If your needs are simply "Store a value with this key" and "Retrieve a value with this key", then it would work just fine!
In fact, old orders on Amazon.com (more than a year old) are apparently archived to Amazon S3 since they are read-only (no returns, no changes).
While slower than DynamoDB, Amazon S3 certainly costs significantly less for storage!
Context: we use S3 for some "database" (lit. key/value structured storage).
It should be noted that S3 does actually have search and, depending on how you structure your data, queries in the form of S3 Select (and, if you have the time: Athena).
Edit: prior to December, 2020, S3 was eventually consistent. Now it it is strongly consistent. Following disadvantages doesn't apply anymore, but are here for historical reasons.

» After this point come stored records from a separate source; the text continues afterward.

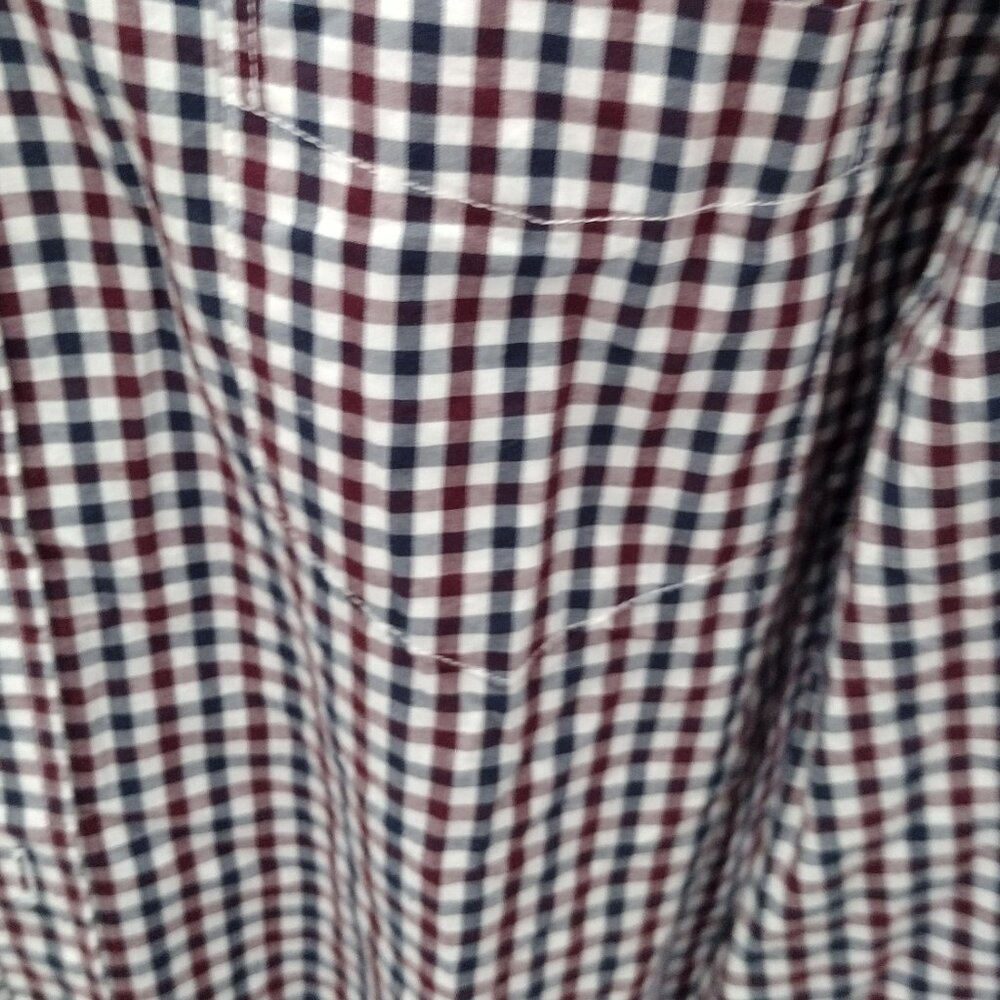 PRINCE & FOX Men’s Button Down Shirt XL Checkered Long Sleeve Casual Classic Fit - Picture 3 of 9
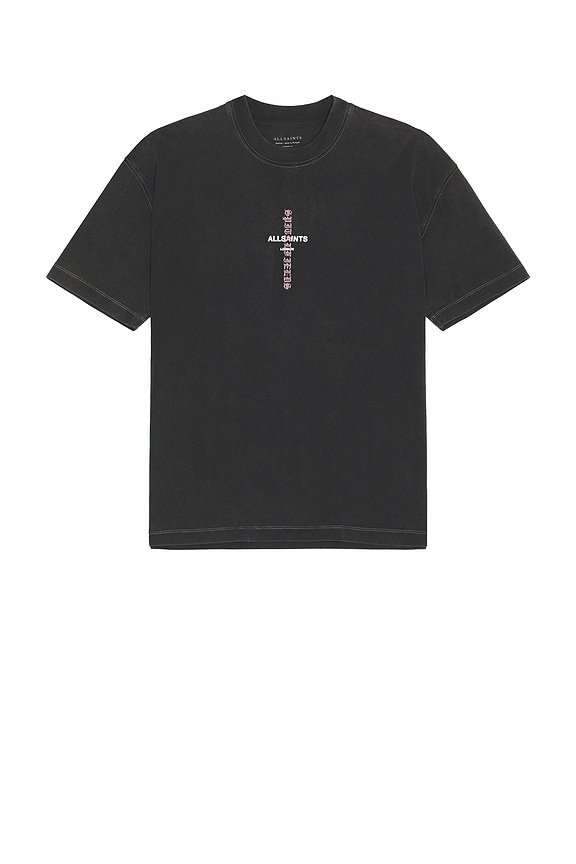view 2 of 5 Knox Crew Neck Tee in Washed Black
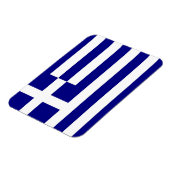 Patriottische flexibele magneet met vlag van Griek (Linkerzijde)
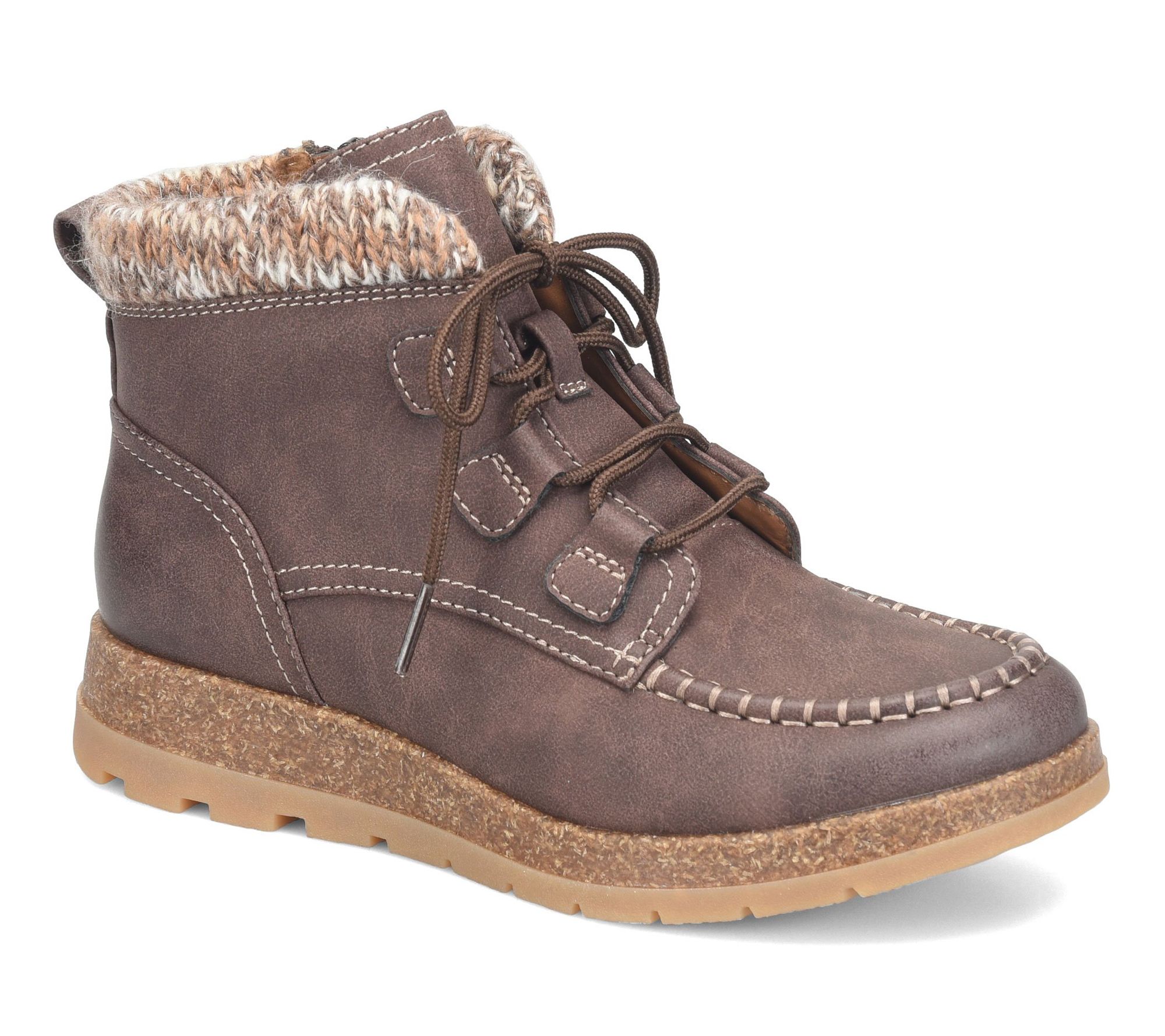 Eurosoft Hiker-Inspired Cork Wedge Bootie- Lorelei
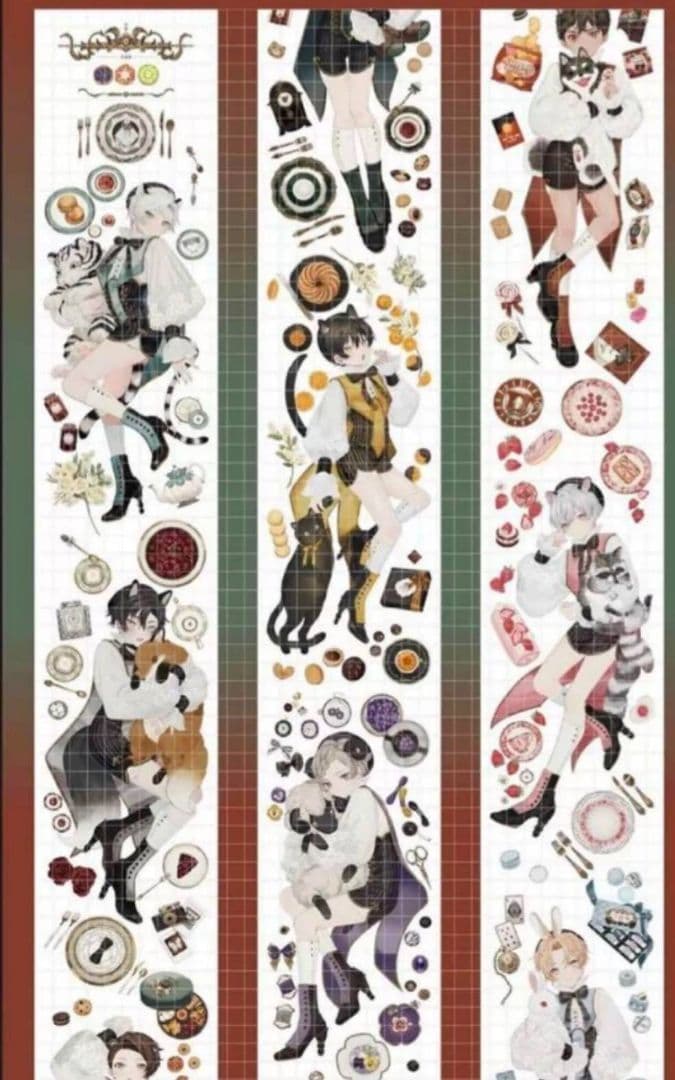 海外マステ　大量　まとめ売り　新品　中古品　PET　和紙　72点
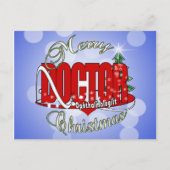 CHRISTMAS Ophthalmologe Augenarzt Feiertagspostkarte (Vorderseite)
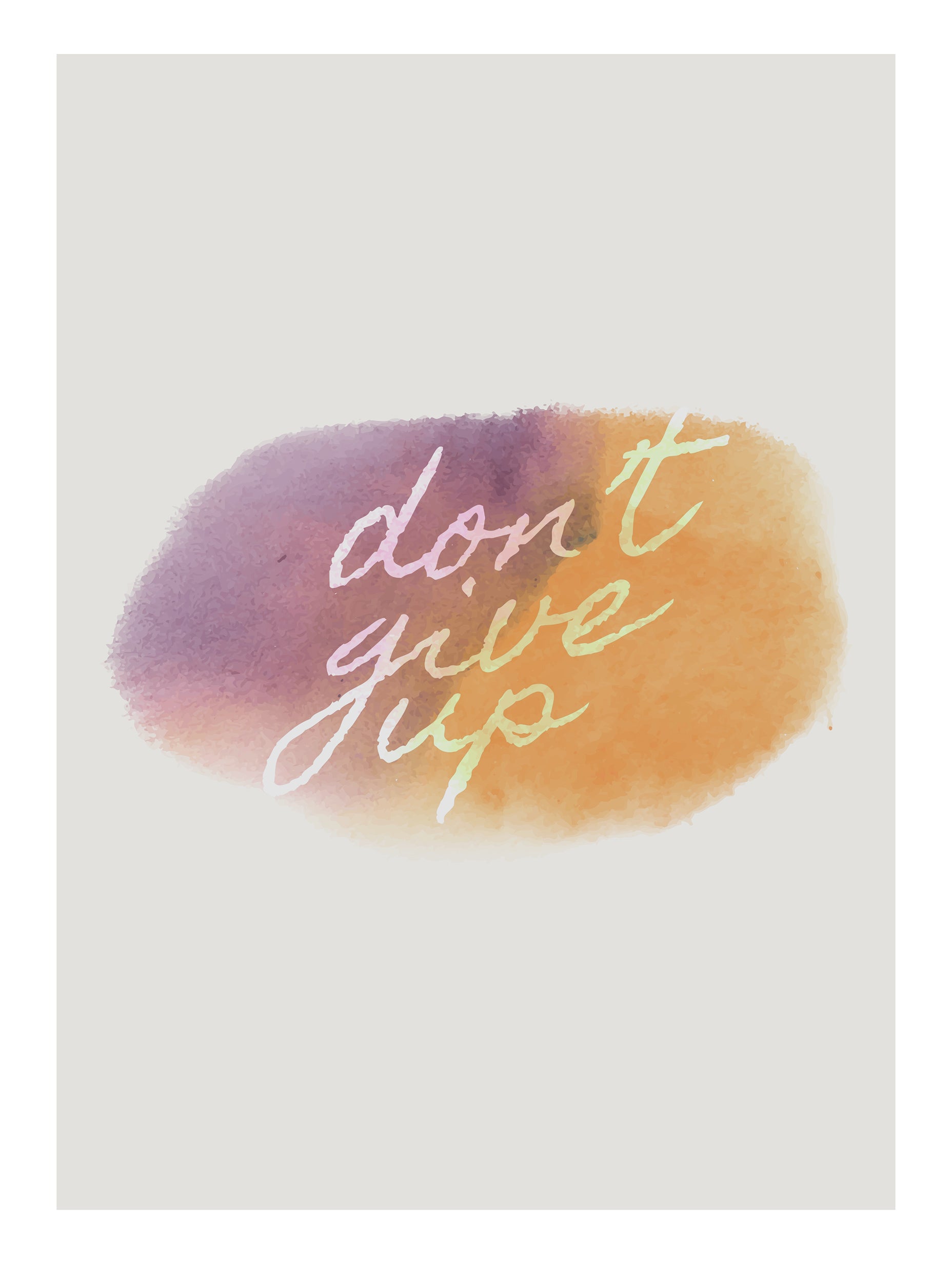 Don’t Give Up Poster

Before December, 2020, the biggest disadvantage/architectural challenge was that S3 was eventually consistent (which was actually the reason why you could not "update" a file). This manifested itself in some behaviours which your architecture needed to tolerate:
- Operations were cached by key, so if you attempted to get an object that doesn't exist, and then create it- for a period of time* any gets on that object will return that it does not exist.
- There was no global cache, so you could get two different versions of the same object for a period of time* after it has been overwritten.
- List operations provided a semi-unstable iterator. If you were going to list on a large number of objects in a bucket that was being updated, then chances are you were not going to visit all the objects by the end of the iterator.
*period of time is purposely undefined by AWS, however, from observation, it is rarely more than a minute.